[Saved entries]
+===+

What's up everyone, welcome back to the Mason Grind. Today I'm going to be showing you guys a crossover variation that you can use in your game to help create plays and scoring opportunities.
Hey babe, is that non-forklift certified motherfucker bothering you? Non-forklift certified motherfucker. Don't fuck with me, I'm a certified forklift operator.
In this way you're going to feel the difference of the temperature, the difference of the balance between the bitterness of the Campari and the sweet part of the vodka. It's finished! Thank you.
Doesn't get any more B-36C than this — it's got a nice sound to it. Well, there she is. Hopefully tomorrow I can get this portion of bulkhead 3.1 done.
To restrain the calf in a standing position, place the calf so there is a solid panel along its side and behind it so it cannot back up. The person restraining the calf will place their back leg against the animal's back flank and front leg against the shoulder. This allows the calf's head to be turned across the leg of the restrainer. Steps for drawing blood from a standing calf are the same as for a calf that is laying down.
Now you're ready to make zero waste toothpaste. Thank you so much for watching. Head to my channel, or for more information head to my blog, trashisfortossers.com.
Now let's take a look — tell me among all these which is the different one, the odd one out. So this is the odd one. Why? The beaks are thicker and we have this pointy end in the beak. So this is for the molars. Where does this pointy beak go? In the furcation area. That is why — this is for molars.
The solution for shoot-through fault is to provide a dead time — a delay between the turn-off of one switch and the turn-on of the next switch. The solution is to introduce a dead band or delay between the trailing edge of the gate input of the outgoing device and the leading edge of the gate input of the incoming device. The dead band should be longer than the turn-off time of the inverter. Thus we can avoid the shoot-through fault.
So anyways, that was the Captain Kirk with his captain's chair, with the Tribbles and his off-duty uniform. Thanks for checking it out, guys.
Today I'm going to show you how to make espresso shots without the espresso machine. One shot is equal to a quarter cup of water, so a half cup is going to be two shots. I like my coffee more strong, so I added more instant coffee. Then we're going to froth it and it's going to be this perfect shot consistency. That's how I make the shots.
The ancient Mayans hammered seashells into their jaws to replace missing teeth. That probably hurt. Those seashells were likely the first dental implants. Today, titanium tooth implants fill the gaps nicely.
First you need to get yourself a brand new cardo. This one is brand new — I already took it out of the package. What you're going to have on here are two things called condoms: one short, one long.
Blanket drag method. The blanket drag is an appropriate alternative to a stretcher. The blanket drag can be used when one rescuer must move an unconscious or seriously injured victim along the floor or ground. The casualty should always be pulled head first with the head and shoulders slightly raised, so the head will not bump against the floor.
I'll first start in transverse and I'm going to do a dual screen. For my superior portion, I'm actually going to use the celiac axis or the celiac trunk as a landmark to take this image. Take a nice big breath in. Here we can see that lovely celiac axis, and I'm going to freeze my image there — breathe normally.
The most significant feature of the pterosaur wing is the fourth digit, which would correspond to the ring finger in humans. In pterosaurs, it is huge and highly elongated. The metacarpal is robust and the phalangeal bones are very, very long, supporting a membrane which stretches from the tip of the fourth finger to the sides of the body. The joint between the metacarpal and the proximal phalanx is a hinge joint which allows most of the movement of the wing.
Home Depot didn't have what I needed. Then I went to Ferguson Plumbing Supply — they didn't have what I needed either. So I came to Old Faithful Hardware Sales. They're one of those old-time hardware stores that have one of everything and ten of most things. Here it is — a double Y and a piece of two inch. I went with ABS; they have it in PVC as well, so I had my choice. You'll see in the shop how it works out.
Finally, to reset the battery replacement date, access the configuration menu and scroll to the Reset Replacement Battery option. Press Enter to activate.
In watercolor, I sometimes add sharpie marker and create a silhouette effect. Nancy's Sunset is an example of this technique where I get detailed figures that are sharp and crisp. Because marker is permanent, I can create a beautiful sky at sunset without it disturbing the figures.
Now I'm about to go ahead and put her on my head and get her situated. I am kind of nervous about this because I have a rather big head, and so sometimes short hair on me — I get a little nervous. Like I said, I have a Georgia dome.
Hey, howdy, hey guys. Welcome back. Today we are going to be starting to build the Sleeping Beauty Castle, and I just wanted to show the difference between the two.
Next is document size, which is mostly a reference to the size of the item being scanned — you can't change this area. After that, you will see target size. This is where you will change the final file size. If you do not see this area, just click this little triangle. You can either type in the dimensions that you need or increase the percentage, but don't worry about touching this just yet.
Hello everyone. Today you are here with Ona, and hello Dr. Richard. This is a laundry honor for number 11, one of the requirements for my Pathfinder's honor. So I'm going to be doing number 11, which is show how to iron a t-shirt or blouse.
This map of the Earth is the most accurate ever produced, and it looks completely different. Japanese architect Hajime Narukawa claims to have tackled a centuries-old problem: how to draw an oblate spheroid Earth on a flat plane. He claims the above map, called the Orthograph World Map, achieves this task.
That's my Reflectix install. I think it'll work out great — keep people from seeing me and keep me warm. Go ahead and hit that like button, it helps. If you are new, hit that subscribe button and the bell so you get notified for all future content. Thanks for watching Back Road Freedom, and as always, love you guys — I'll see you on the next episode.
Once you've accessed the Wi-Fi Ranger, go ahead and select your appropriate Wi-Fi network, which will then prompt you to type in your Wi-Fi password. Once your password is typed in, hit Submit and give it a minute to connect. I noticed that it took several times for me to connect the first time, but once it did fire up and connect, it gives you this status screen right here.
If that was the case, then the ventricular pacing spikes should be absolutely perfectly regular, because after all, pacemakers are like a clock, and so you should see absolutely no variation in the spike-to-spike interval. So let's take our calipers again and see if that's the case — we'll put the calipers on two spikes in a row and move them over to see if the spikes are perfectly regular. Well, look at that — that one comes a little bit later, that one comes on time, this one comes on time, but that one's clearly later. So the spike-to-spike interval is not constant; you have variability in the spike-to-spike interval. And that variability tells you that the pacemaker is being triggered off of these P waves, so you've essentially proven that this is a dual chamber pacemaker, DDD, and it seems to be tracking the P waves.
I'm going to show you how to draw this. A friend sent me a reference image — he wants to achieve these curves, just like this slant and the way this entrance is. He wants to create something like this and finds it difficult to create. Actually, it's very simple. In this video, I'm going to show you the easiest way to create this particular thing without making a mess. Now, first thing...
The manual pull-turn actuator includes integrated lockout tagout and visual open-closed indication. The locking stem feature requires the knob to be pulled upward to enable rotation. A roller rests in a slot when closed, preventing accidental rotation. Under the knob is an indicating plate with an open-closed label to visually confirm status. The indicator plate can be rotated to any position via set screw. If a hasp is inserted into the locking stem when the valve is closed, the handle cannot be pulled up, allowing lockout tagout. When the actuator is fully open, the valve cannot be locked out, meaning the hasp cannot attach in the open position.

+===+

Please give back the entries above, unchanged and complete.

What's up everyone, welcome back to the Mason Grind. Today I'm going to be showing you guys a crossover variation that you can use in your game to help create plays and scoring opportunities.
Hey babe, is that non-forklift certified motherfucker bothering you? Non-forklift certified motherfucker. Don't fuck with me, I'm a certified forklift operator.
In this way you're going to feel the difference of the temperature, the difference of the balance between the bitterness of the Campari and the sweet part of the vodka. It's finished! Thank you.
Doesn't get any more B-36C than this — it's got a nice sound to it. Well, there she is. Hopefully tomorrow I can get this portion of bulkhead 3.1 done.
To restrain the calf in a standing position, place the calf so there is a solid panel along its side and behind it so it cannot back up. The person restraining the calf will place their back leg against the animal's back flank and front leg against the shoulder. This allows the calf's head to be turned across the leg of the restrainer. Steps for drawing blood from a standing calf are the same as for a calf that is laying down.
Now you're ready to make zero waste toothpaste. Thank you so much for watching. Head to my channel, or for more information head to my blog, trashisfortossers.com.
Now let's take a look — tell me among all these which is the different one, the odd one out. So this is the odd one. Why? The beaks are thicker and we have this pointy end in the beak. So this is for the molars. Where does this pointy beak go? In the furcation area. That is why — this is for molars.
The solution for shoot-through fault is to provide a dead time — a delay between the turn-off of one switch and the turn-on of the next switch. The solution is to introduce a dead band or delay between the trailing edge of the gate input of the outgoing device and the leading edge of the gate input of the incoming device. The dead band should be longer than the turn-off time of the inverter. Thus we can avoid the shoot-through fault.
So anyways, that was the Captain Kirk with his captain's chair, with the Tribbles and his off-duty uniform. Thanks for checking it out, guys.
Today I'm going to show you how to make espresso shots without the espresso machine. One shot is equal to a quarter cup of water, so a half cup is going to be two shots. I like my coffee more strong, so I added more instant coffee. Then we're going to froth it and it's going to be this perfect shot consistency. That's how I make the shots.
The ancient Mayans hammered seashells into their jaws to replace missing teeth. That probably hurt. Those seashells were likely the first dental implants. Today, titanium tooth implants fill the gaps nicely.
First you need to get yourself a brand new cardo. This one is brand new — I already took it out of the package. What you're going to have on here are two things called condoms: one short, one long.
Blanket drag method. The blanket drag is an appropriate alternative to a stretcher. The blanket drag can be used when one rescuer must move an unconscious or seriously injured victim along the floor or ground. The casualty should always be pulled head first with the head and shoulders slightly raised, so the head will not bump against the floor.
I'll first start in transverse and I'm going to do a dual screen. For my superior portion, I'm actually going to use the celiac axis or the celiac trunk as a landmark to take this image. Take a nice big breath in. Here we can see that lovely celiac axis, and I'm going to freeze my image there — breathe normally.
The most significant feature of the pterosaur wing is the fourth digit, which would correspond to the ring finger in humans. In pterosaurs, it is huge and highly elongated. The metacarpal is robust and the phalangeal bones are very, very long, supporting a membrane which stretches from the tip of the fourth finger to the sides of the body. The joint between the metacarpal and the proximal phalanx is a hinge joint which allows most of the movement of the wing.
Home Depot didn't have what I needed. Then I went to Ferguson Plumbing Supply — they didn't have what I needed either. So I came to Old Faithful Hardware Sales. They're one of those old-time hardware stores that have one of everything and ten of most things. Here it is — a double Y and a piece of two inch. I went with ABS; they have it in PVC as well, so I had my choice. You'll see in the shop how it works out.
Finally, to reset the battery replacement date, access the configuration menu and scroll to the Reset Replacement Battery option. Press Enter to activate.
In watercolor, I sometimes add sharpie marker and create a silhouette effect. Nancy's Sunset is an example of this technique where I get detailed figures that are sharp and crisp. Because marker is permanent, I can create a beautiful sky at sunset without it disturbing the figures.
Now I'm about to go ahead and put her on my head and get her situated. I am kind of nervous about this because I have a rather big head, and so sometimes short hair on me — I get a little nervous. Like I said, I have a Georgia dome.
Hey, howdy, hey guys. Welcome back. Today we are going to be starting to build the Sleeping Beauty Castle, and I just wanted to show the difference between the two.
Next is document size, which is mostly a reference to the size of the item being scanned — you can't change this area. After that, you will see target size. This is where you will change the final file size. If you do not see this area, just click this little triangle. You can either type in the dimensions that you need or increase the percentage, but don't worry about touching this just yet.
Hello everyone. Today you are here with Ona, and hello Dr. Richard. This is a laundry honor for number 11, one of the requirements for my Pathfinder's honor. So I'm going to be doing number 11, which is show how to iron a t-shirt or blouse.
This map of the Earth is the most accurate ever produced, and it looks completely different. Japanese architect Hajime Narukawa claims to have tackled a centuries-old problem: how to draw an oblate spheroid Earth on a flat plane. He claims the above map, called the Orthograph World Map, achieves this task.
That's my Reflectix install. I think it'll work out great — keep people from seeing me and keep me warm. Go ahead and hit that like button, it helps. If you are new, hit that subscribe button and the bell so you get notified for all future content. Thanks for watching Back Road Freedom, and as always, love you guys — I'll see you on the next episode.
Once you've accessed the Wi-Fi Ranger, go ahead and select your appropriate Wi-Fi network, which will then prompt you to type in your Wi-Fi password. Once your password is typed in, hit Submit and give it a minute to connect. I noticed that it took several times for me to connect the first time, but once it did fire up and connect, it gives you this status screen right here.
If that was the case, then the ventricular pacing spikes should be absolutely perfectly regular, because after all, pacemakers are like a clock, and so you should see absolutely no variation in the spike-to-spike interval. So let's take our calipers again and see if that's the case — we'll put the calipers on two spikes in a row and move them over to see if the spikes are perfectly regular. Well, look at that — that one comes a little bit later, that one comes on time, this one comes on time, but that one's clearly later. So the spike-to-spike interval is not constant; you have variability in the spike-to-spike interval. And that variability tells you that the pacemaker is being triggered off of these P waves, so you've essentially proven that this is a dual chamber pacemaker, DDD, and it seems to be tracking the P waves.
I'm going to show you how to draw this. A friend sent me a reference image — he wants to achieve these curves, just like this slant and the way this entrance is. He wants to create something like this and finds it difficult to create. Actually, it's very simple. In this video, I'm going to show you the easiest way to create this particular thing without making a mess. Now, first thing...
The manual pull-turn actuator includes integrated lockout tagout and visual open-closed indication. The locking stem feature requires the knob to be pulled upward to enable rotation. A roller rests in a slot when closed, preventing accidental rotation. Under the knob is an indicating plate with an open-closed label to visually confirm status. The indicator plate can be rotated to any position via set screw. If a hasp is inserted into the locking stem when the valve is closed, the handle cannot be pulled up, allowing lockout tagout. When the actuator is fully open, the valve cannot be locked out, meaning the hasp cannot attach in the open position.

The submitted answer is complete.